Anche se, al pari di altre popolazioni preromane, manca una produzione letteraria originale sufficiente a definirli "cultura storica", è indubbio, come annotato da M. Pallottino, acuto e insuperato interprete della protostoria italica, che i Veneti costituiscono una delle compagini etnico-culturali meglio definite dell'Italia pre-romana proprio per la possibilità di stabilire, fin dalle origini, una precisa identità tra "ethnos" e cultura, a differenza di quanto si verifica in altri ambienti e fatto unico per l'Italia settentrionale.

E non crediamo di cadere in un vuoto campanilismo nel dire che, nel coacervo di popoli che caratterizzano l'Italia del I millennio a.C., i Veneti appaiono secondi solo agli Etruschi, per l'espansione territoriale ben delineata nei suoi ampi confini già a partire già dal'VIII secolo, per la specifica autonomia ed individualità culturale, per la vastità delle relazioni intessute con le popolazioni limitrofe, dal Tirreno all'Adriatico ai territori transalpini.
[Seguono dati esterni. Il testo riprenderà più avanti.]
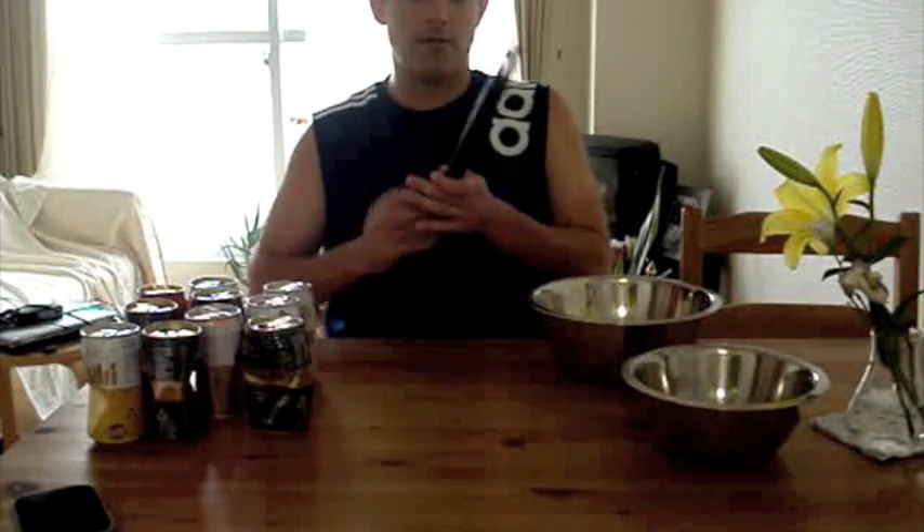But I'm not going to pick them up with chopsticks. I'm actually going to pick them up with drumsticks. That's right, these are Pearl Handmade 7B American Hickory Drumsticks. I normally use 5A's when I play, but in this case, I've pre-crushed the cans a little bit because it's damn impossible to pick up a full beer can with a set of drumsticks.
In ciò furono certo favoriti da un paesaggio naturale particolarmente felice, ricco di fiumi e quindi di vie naturali di comunicazione, cerniera insostituibile tra penisola e Europa centrale, da n ampio fronte marittimo in una delle poche zone dell'driatico occidentale che potevano offrire approdi facili e sicuri, da una terra fertile con ampie distese pianeggianti e boschive ma certo anche dall'essere stati in grado di attuare, in tempi relativamente brevi, una valida organizzazione politico-economica.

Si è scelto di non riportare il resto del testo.